According to the results above, January has the highest number of 911 calls in total. Besides that, June and March also very close to the highest number.

**4. Which day of the week has the highest 911 calls?**

In [None]:
df['day'] = df['timeStamp'].apply(lambda d: d.weekday())
df['day'].head()

In [None]:
dayOfWeek = {0:'Sun', 1:'Mon', 2:'Tue', 3:'Wed', 4:'Thur', 5:'Fri', 6:'Sat'}
df['day'] = df['day'].map(dayOfWeek)

In [None]:
sns.countplot(df['day'])

Thursay has the highest 911 calls in total.

**5. Which hour has the highest 911 calls?**

In [None]:
df['hour'] = df['timeStamp'].apply(lambda i: i.hour)
df['hour'].head()

In [None]:
hourOfDay = df.groupby('hour').count()
sns.countplot(df['hour'])

According to the results above, we could find 5pm has the highest 911 calls.

**6. What is the most common reason for a 911 call?**

In [None]:
df['Reason'] = df['title'].apply(lambda i: i.split(':')[0])
df['Reason'].head(5)

In [None]:
sns.countplot(df['Reason'])

According to the countplot above, the EMS is the most common reason of 911 calls.

**7. The total number of each reason for 911 calls for each day of a week in all years.**

In [None]:
df.groupby(['day','Reason']).count()['lat']

In [None]:
sns.countplot(x='day',data=df,hue='Reason',palette='viridis')

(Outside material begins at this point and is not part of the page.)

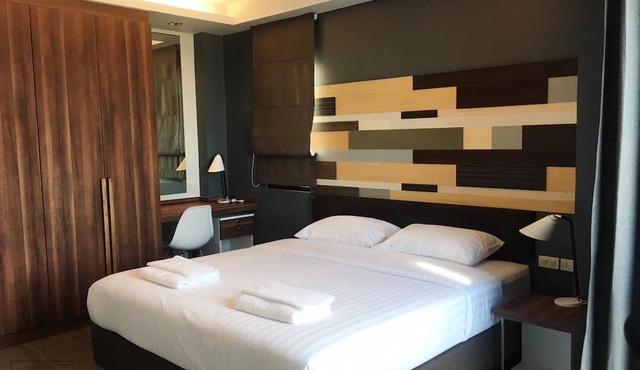 Campagne Hotel and Residence in Pathum Thani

**8. The number of 911 calls for each reason yearly**

In [None]:
df['Year'] = df['timeStamp'].apply(lambda y:y.year)
df['Year'].head()

In [None]:
df.groupby(['Year','Reason']).count()['lat']

In [None]:
plt.figure(figsize=(10,7))
sns.countplot(x='Reason',data=df,hue='Year',palette='viridis')

**9. The trends of each reason in all years**

In [None]:
df[df['Reason'] == 'EMS'].groupby('Year').count()['lat'].plot()
plt.title('Trends of EMS by Year')

In [None]:
df[df['Reason'] == 'Fire'].groupby('Year').count()['lat'].plot()
plt.title('Trends of Fire by Year')

In [None]:
df[df['Reason'] == 'Traffic'].groupby('Year').count()['lat'].plot()
plt.title('Trends of Traffic by Year')

**10. Find the trends of the total number of 911 calls by year.**

In [None]:
year = df.groupby('Year').count()
sns.lineplot(data=year.reset_index(), x='Year', y='lat')
plt.title('The trends of number of 911 calls by year')


**11.  Does Season have an association with the number of 911 calls for each reason?**

In [None]:
season = {3:'spring',4:'spring',5:'spring',6:'summer',7:'summer',8:'summer',9:'autumn',10:'autumn',11:'autumn',12:'winter',1:'winter',2:'winter'}

df['season'] = df['month'].map(season)

In [None]:
yearOfSeason = df.groupby(['season','Year']).count()['lat'].unstack()
sns.heatmap(yearOfSeason.dropna(axis=1),cmap='coolwarm')

According to the heatmap above, we can't see any pattern that indicate there has a association between the season and the number of 911 calls.

**12. Does the hours has any association with the number of 911 call?**

In [None]:
dayHour = df.groupby(by=['day','hour']).count()['Reason'].unstack()
dayHour.head()

In [None]:
plt.figure(figsize=(10,7))
sns.heatmap(data=dayHour, cmap='coolwarm')

According to the heatmap above, we could see there has a pattern that indicates the association between hours and the number of 911 calls. For example, night and morning of the number of 911 calls are only a few, but when afternoon, the number of 911 calls will become more and more.